== Records provided ==
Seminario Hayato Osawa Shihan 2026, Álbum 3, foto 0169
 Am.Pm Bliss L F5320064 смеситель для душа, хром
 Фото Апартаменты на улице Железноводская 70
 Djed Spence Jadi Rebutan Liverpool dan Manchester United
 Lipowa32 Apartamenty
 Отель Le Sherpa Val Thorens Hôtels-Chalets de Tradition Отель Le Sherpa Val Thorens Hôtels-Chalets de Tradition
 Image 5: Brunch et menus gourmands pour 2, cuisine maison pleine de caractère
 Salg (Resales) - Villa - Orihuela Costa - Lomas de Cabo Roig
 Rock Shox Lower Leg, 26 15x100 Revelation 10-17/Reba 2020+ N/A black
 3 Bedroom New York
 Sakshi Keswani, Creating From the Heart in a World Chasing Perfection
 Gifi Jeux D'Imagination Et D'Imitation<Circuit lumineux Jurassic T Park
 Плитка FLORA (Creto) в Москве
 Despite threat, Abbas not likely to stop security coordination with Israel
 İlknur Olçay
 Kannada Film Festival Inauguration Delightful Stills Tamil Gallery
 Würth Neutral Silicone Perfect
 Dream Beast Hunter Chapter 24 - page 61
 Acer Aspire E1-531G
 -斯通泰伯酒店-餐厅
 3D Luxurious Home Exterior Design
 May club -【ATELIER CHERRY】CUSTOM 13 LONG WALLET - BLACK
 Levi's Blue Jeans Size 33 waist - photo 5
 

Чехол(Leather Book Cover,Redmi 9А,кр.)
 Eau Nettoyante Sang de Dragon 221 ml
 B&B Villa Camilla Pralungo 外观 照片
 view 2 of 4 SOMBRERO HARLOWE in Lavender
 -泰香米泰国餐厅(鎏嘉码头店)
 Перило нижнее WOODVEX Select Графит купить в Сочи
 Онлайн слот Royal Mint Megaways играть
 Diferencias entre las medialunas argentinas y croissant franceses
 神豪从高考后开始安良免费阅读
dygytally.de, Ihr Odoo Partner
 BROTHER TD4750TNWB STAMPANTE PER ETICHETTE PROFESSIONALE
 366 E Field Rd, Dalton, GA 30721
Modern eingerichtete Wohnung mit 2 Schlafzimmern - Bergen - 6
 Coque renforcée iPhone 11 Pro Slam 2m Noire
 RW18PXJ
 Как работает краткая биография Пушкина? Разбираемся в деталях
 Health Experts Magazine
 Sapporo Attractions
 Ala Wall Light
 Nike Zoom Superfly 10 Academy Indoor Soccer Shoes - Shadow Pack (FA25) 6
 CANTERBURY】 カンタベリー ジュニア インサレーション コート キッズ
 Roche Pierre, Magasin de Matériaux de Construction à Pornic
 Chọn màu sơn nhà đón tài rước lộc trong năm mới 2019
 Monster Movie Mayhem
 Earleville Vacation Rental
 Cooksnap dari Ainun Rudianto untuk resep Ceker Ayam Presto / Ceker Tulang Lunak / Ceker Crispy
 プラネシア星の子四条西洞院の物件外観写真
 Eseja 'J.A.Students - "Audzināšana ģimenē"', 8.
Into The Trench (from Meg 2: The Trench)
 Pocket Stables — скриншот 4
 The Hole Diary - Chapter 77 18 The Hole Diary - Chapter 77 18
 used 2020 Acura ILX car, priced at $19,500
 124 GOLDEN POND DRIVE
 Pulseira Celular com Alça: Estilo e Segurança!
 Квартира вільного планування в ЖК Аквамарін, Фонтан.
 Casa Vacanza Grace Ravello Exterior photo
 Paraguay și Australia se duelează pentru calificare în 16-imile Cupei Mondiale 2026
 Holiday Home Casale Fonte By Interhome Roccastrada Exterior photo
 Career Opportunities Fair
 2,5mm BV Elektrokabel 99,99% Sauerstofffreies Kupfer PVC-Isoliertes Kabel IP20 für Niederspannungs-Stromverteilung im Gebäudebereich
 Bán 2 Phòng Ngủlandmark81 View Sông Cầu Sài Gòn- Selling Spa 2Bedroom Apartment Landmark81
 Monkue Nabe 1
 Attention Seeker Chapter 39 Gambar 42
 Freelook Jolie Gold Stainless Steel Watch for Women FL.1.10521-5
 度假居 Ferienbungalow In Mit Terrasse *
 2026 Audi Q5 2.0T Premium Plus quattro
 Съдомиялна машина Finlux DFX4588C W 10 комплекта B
===
- [Exercise prompt]: Reproduce each entry precisely, so that nothing differs from the original.

- [Task output]:
Seminario Hayato Osawa Shihan 2026, Álbum 3, foto 0169
 Am.Pm Bliss L F5320064 смеситель для душа, хром
 Фото Апартаменты на улице Железноводская 70
 Djed Spence Jadi Rebutan Liverpool dan Manchester United
 Lipowa32 Apartamenty
 Отель Le Sherpa Val Thorens Hôtels-Chalets de Tradition Отель Le Sherpa Val Thorens Hôtels-Chalets de Tradition
 Image 5: Brunch et menus gourmands pour 2, cuisine maison pleine de caractère
 Salg (Resales) - Villa - Orihuela Costa - Lomas de Cabo Roig
 Rock Shox Lower Leg, 26 15x100 Revelation 10-17/Reba 2020+ N/A black
 3 Bedroom New York
 Sakshi Keswani, Creating From the Heart in a World Chasing Perfection
 Gifi Jeux D'Imagination Et D'Imitation<Circuit lumineux Jurassic T Park
 Плитка FLORA (Creto) в Москве
 Despite threat, Abbas not likely to stop security coordination with Israel
 İlknur Olçay
 Kannada Film Festival Inauguration Delightful Stills Tamil Gallery
 Würth Neutral Silicone Perfect
 Dream Beast Hunter Chapter 24 - page 61
 Acer Aspire E1-531G
 -斯通泰伯酒店-餐厅
 3D Luxurious Home Exterior Design
 May club -【ATELIER CHERRY】CUSTOM 13 LONG WALLET - BLACK
 Levi's Blue Jeans Size 33 waist - photo 5
 

Чехол(Leather Book Cover,Redmi 9А,кр.)
 Eau Nettoyante Sang de Dragon 221 ml
 B&B Villa Camilla Pralungo 外观 照片
 view 2 of 4 SOMBRERO HARLOWE in Lavender
 -泰香米泰国餐厅(鎏嘉码头店)
 Перило нижнее WOODVEX Select Графит купить в Сочи
 Онлайн слот Royal Mint Megaways играть
 Diferencias entre las medialunas argentinas y croissant franceses
 神豪从高考后开始安良免费阅读
dygytally.de, Ihr Odoo Partner
 BROTHER TD4750TNWB STAMPANTE PER ETICHETTE PROFESSIONALE
 366 E Field Rd, Dalton, GA 30721
Modern eingerichtete Wohnung mit 2 Schlafzimmern - Bergen - 6
 Coque renforcée iPhone 11 Pro Slam 2m Noire
 RW18PXJ
 Как работает краткая биография Пушкина? Разбираемся в деталях
 Health Experts Magazine
 Sapporo Attractions
 Ala Wall Light
 Nike Zoom Superfly 10 Academy Indoor Soccer Shoes - Shadow Pack (FA25) 6
 CANTERBURY】 カンタベリー ジュニア インサレーション コート キッズ
 Roche Pierre, Magasin de Matériaux de Construction à Pornic
 Chọn màu sơn nhà đón tài rước lộc trong năm mới 2019
 Monster Movie Mayhem
 Earleville Vacation Rental
 Cooksnap dari Ainun Rudianto untuk resep Ceker Ayam Presto / Ceker Tulang Lunak / Ceker Crispy
 プラネシア星の子四条西洞院の物件外観写真
 Eseja 'J.A.Students - "Audzināšana ģimenē"', 8.
Into The Trench (from Meg 2: The Trench)
 Pocket Stables — скриншот 4
 The Hole Diary - Chapter 77 18 The Hole Diary - Chapter 77 18
 used 2020 Acura ILX car, priced at $19,500
 124 GOLDEN POND DRIVE
 Pulseira Celular com Alça: Estilo e Segurança!
 Квартира вільного планування в ЖК Аквамарін, Фонтан.
 Casa Vacanza Grace Ravello Exterior photo
 Paraguay și Australia se duelează pentru calificare în 16-imile Cupei Mondiale 2026
 Holiday Home Casale Fonte By Interhome Roccastrada Exterior photo
 Career Opportunities Fair
 2,5mm BV Elektrokabel 99,99% Sauerstofffreies Kupfer PVC-Isoliertes Kabel IP20 für Niederspannungs-Stromverteilung im Gebäudebereich
 Bán 2 Phòng Ngủlandmark81 View Sông Cầu Sài Gòn- Selling Spa 2Bedroom Apartment Landmark81
 Monkue Nabe 1
 Attention Seeker Chapter 39 Gambar 42
 Freelook Jolie Gold Stainless Steel Watch for Women FL.1.10521-5
 度假居 Ferienbungalow In Mit Terrasse *
 2026 Audi Q5 2.0T Premium Plus quattro
 Съдомиялна машина Finlux DFX4588C W 10 комплекта B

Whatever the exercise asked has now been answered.